Enlarge / Cranes stand at the construction site for Southern Co.’s Kemper County power plant near Meridian, Miss., on Tuesday, Feb. 25, 2014. (credit: Gary Tramontina/Bloomberg via Getty Images)

Earlier this week, the Department of Justice (DOJ) notified Southern Company that it is opening an investigation “related to the Kemper County energy facility,” according to Southern’s most recent financial statement (PDF).

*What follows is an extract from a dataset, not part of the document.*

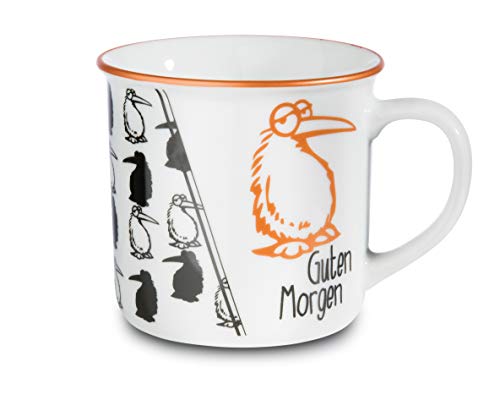 NICI 45027 - Taza de porcelana (400 ml), diseño con texto en alemán Guten NICI 45027 - Taza de porcelana (400 ml), diseño con texto en alemán Guten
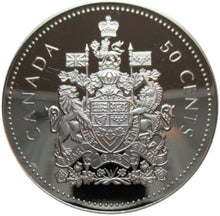 2002 Canada Fifty Cents Silver proof Heavy cameo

The Mississippi-based facility had received $387 million in federal grants to build a state-of-the-art coal gasification and carbon-capture power plant (otherwise known as an Integrated Gasification Combined Cycle, or IGCC, plant). But in 2017, Southern’s subsidiary, Mississippi Power, decided to scrap the cutting-edge tech and only use the power plant to burn cheaper natural gas, in a major blow to the proponents of carbon capture.

Bad timing

Kemper was a complicated project. It was located near a lignite coal mine, which was intended to serve Kemper exclusively. Lignite is a low-grade coal compared to the anthracite and bituminous coal that’s found in Wyoming and Montana, so Kemper planned to synthetically transform the plentiful local coal to gas. The plant would then burn the syngas in a turbine, strip the carbon dioxide (CO2) from the power plant’s flue, and send that CO2 through a pipeline to an oilfield where it would be used for enhanced oil recovery. (That is, CO2 is forced down into an oil well to increase the pressure of the well so more oil can be recovered.)